Honest post. I’m a senior QA engineer in Argentina and I’m trying to fix our performance testing setup, which currently is… not great.

On paper: we run load tests in CI on every merge to main. In reality: we run a 60-second test with 10 virtual users against a staging environment that has 1/8th the resources of production, with no meaningful thresholds, and we look at the results maybe once a month.

It’s performance testing theater. It gives stakeholders a green checkmark and gives us nothing.

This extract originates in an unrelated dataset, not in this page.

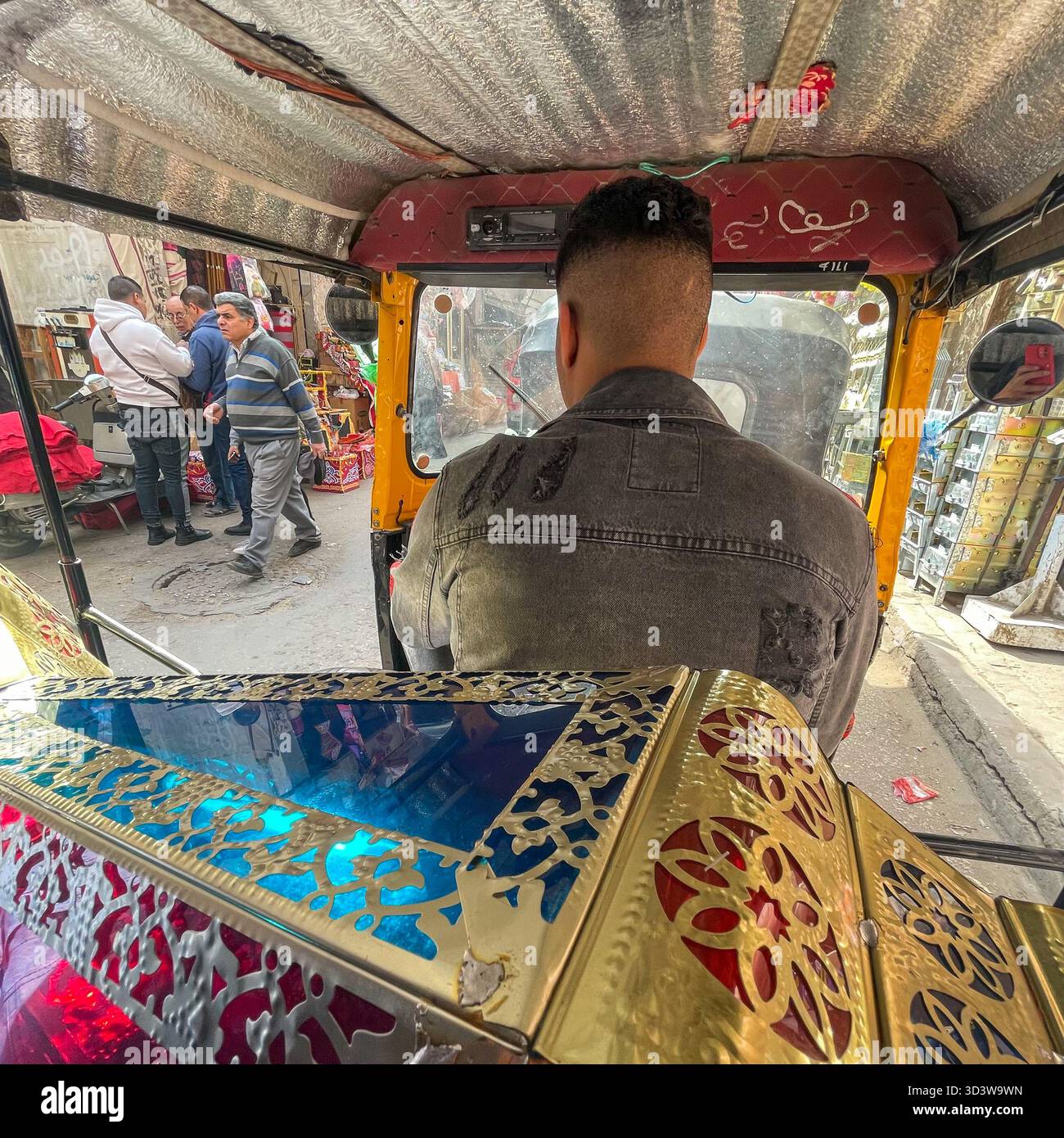 View from inside a TukTuk in Old Cairo, carrying a handmade traditional Ramadan lamp to celebrate the holy month, Cairo, Egypt - Smartphone Captured Stock Image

What I actually want to build:

  • Tiered testing — smoke-level perf check on every PR, real load test weekly or pre-release
  • Thresholds tied to production baseline, not arbitrary numbers
  • A staging environment that’s at least proportionally representative
  • Automatic comparison to previous runs to catch regressions

Has anyone successfully built something like this? The staging environment problem feels like the hardest one — how do you make the results meaningful when you can’t run against production?

  • cool_developer
    link
    fedilink
    English
    arrow-up
    0
    ·
    2 months ago

    We solved the tiered testing problem like this, for reference (k6 + GitHub Actions):

    • Every PR: 30-second smoke test, 5 VUs, just checks nothing is catastrophically broken
    • Nightly: 10-minute average load test against main, results posted to Slack
    • Pre-release: Full soak test, stress test, spike test — run manually with sign-off required

    The nightly run is where we actually catch regressions. The PR check is just a safety net, not a real performance signal.

    The staging environment problem feels like the hardest one

    It is. We partially solved it by tagging every load test run with the git SHA and keeping a historical baseline database. Alerting triggers when p95 increases by more than 20% vs the rolling 30-day average. Not perfect but it surfaces real problems.